-- INFORMATION SHOWN follows --
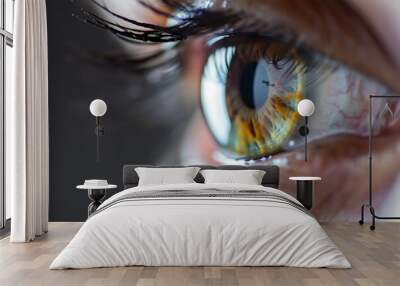 closeup of eye dilated with drops during fundus examination Wall mural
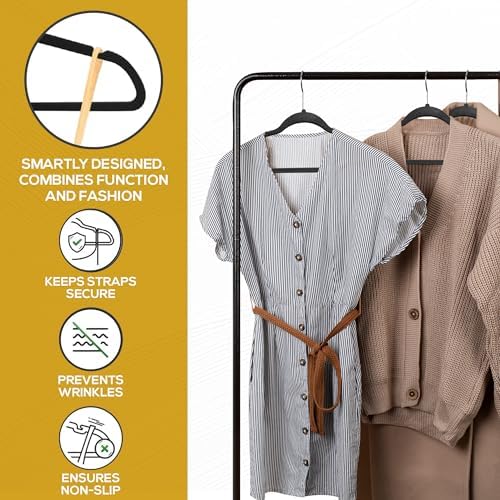 Techzoo 50 Pack New Premium Quality Velvet Hangers Ultra Thin Non Slip Adult Felt Space Saving Hangers for Closet Heavy Duty Coat Pants Jackets Dress Hangers 360° Swivel Hook Hold Upto 10 lbs Black - Image 4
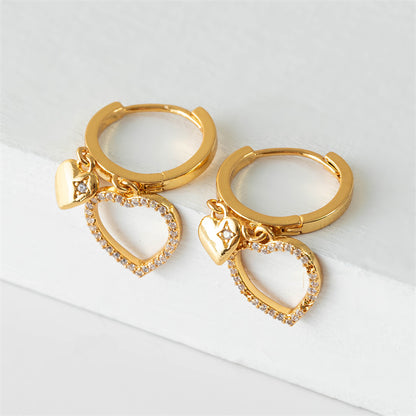Korean Style Heart Shape Gold Plated Earrings with Crystal - Sweet Minimalist Dainty Earrings for Women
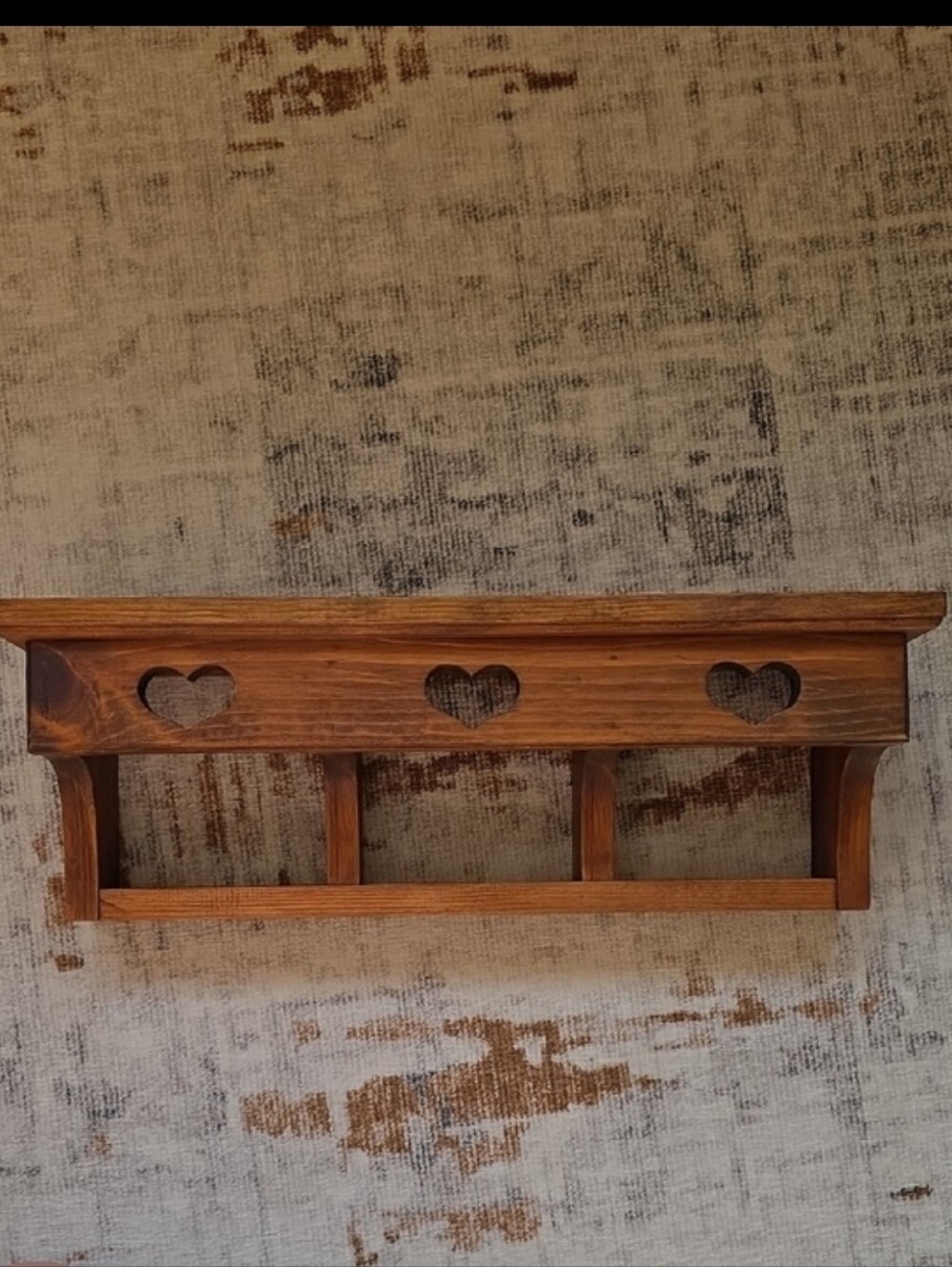 Vtg Heart Cutout Wooden Wall Shelf Cubbies Cottage Core Farmcore Nostalgia 90s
-- INFORMATION SHOWN concluded --
PROBLEM →
The copy must begin at the line containing "Korean Style Heart" and end at the last line of the data above, with every line retyped exactly and no pictures included.

REPLY →
Korean Style Heart Shape Gold Plated Earrings with Crystal - Sweet Minimalist Dainty Earrings for Women
 Vtg Heart Cutout Wooden Wall Shelf Cubbies Cottage Core Farmcore Nostalgia 90s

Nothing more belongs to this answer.